La petite Elsa Hyvaert est la protagoniste de cette fiction bouleversante  © Jean-François Baumard / LM Films / FTV
La petite Elsa Hyvaert est la protagoniste de cette fiction bouleversante © Jean-François Baumard / LM Films / FTV

Dès 21h05, la chaîne proposera le téléfilm-choc inspiré de faits réels "La maladroite", qui sera suivi d'un documentaire inédit sur les violences parentales. 

Vendredi 20 novembre, aura lieu la Journée Internationale des droits de l’enfant, initiée par l’Assemblée générale des Nations unies. Deux jours plus tôt, France Télévisions y consacre une soirée thématique.

21h05 : Un téléfilm-choc inspiré de faits réels 

En prime-time, nous aurons d'abord droit à la rediffusion de  "La maladroite", une fiction qui avait attiré plus de 484 000 téléspectateurs sur La Une et 4,5 millions sur France 3, fin 2019. Ce téléfilm s’inspire de l’affaire Marina Sabatier, une fillette âgée de 8 ans, retrouvée morte suite aux sévices infligés par ses parents. À l’écran, Marina devient Stella, 6 ans, incarnée par la jeune Elsa Hyvaert. Victime de maltraitance, la petite fille prétend être simplement maladroite, alors que son institutrice, interprétée par Isabelle Carré, s’inquiète de ses mystérieuses blessures. Une situation qui préoccupe également sa directrice d’école, campée par Émilie Dequenne. Dans la peau des parents, Damien Jouillerot et India Hair complètent le casting.

22h30 : Un docu produit par Mélissa Theuriau, avec le témoignage de Thierry Beccaro 

Ce drame bouleversant sera suivi d’un documentaire inédit diffusé dans le cadre de l'émission "Infrarouge" présentée par Marie Drucker. Intitulée "Bouche cousue", cette production de Mélissa Theuriau questionne la violence parentale à travers le regard des enfants. Dans ce film, la réalisatrice Karine Dusfour interroge le silence de notre société sur les violences familiales. "Un enfant meurt tous les quatre jours sous les coups de ses parents", révèle la productrice du docu, dans une note d’intention publiée par France 2. "L’enfant en danger ne souhaite pas qu’on le remarque et se rend invisible.

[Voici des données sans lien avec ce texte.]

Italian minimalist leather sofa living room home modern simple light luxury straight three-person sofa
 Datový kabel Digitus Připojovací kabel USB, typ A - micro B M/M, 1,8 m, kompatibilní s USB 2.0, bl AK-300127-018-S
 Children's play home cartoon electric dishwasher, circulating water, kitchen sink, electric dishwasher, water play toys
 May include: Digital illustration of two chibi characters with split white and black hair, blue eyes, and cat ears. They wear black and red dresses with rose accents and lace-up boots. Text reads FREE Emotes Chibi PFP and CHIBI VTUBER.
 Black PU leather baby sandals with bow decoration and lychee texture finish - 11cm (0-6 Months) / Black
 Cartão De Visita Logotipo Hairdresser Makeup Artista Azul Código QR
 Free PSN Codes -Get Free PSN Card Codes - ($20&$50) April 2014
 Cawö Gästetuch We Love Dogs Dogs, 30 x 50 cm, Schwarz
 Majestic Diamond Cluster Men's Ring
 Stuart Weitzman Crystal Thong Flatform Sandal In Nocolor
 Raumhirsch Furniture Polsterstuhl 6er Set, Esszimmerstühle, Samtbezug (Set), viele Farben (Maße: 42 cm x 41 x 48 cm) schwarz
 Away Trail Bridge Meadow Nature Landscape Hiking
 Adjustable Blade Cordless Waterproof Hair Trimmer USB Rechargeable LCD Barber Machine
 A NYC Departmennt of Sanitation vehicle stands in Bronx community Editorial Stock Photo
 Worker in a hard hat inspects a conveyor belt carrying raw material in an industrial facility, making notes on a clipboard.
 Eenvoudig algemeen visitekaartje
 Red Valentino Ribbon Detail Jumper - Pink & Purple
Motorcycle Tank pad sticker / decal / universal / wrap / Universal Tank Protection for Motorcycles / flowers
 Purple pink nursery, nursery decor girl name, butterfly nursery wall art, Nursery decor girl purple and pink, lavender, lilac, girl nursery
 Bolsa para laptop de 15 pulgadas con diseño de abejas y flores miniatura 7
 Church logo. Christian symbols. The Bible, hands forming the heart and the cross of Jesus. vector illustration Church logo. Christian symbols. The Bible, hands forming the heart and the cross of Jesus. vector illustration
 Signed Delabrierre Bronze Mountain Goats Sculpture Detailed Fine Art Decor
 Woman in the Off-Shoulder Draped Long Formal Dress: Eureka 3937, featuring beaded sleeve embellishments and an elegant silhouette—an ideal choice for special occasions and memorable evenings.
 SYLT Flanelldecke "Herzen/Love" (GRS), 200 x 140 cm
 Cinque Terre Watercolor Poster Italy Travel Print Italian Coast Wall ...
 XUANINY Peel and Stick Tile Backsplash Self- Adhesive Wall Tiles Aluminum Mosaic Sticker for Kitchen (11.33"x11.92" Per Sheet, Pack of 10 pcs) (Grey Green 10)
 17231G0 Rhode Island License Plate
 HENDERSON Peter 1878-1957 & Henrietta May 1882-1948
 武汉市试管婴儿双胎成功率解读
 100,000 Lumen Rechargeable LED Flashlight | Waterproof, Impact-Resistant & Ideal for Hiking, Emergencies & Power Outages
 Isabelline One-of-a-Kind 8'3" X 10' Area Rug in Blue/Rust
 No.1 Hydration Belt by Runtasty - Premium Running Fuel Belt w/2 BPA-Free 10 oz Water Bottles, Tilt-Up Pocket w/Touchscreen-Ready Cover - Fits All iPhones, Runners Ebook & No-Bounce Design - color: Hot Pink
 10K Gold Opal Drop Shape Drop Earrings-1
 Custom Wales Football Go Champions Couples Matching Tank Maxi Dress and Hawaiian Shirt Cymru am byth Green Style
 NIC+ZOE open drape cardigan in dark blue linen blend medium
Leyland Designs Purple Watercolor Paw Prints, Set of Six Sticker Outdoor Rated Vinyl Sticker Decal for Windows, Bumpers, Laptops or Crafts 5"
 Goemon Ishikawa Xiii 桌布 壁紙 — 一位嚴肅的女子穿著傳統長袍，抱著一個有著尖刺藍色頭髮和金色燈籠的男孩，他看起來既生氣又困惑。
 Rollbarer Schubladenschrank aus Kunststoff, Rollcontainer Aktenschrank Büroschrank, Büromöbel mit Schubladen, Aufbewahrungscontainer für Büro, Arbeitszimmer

Parler lui est insupportable car il a peur de ne pas être cru, de ne pas être compris. C’est alors aux adultes de lui poser des questions, d’apprendre à l’écouter et de vouloir l’entendre. Plus que d’une libération de la parole, c’est d’un renforcement de l’écoute dont ont besoin les enfants maltraités."  

Afin de décrypter ce fléau, "Bouche cousue" pose la caméra dans le bureau d'un juge des enfants, Edouard Durand, et nous permet d’assister à des audiences d’assistance éducative. En parallèle, on y retrouve des témoignages poignants de victimes devenues adultes, comme Gautier, un étudiant passé par les services de l’ASE (l’aide sociale à l’enfance). L’ex-animateur de "Motus", Thierry Beccaro, prend également la parole et revient sur son passé d’enfant battu, dévoilé en 2018 dans une autobiographie intitulée "Je suis né à 17 ans". Un traumatisme lié à un père violent et alcoolique… "Le moindre prétexte, une note, un regard ou un geste, suffisait pour entraîner un véritable déluge de gifles et de coups", confiait-il dans son bouquin.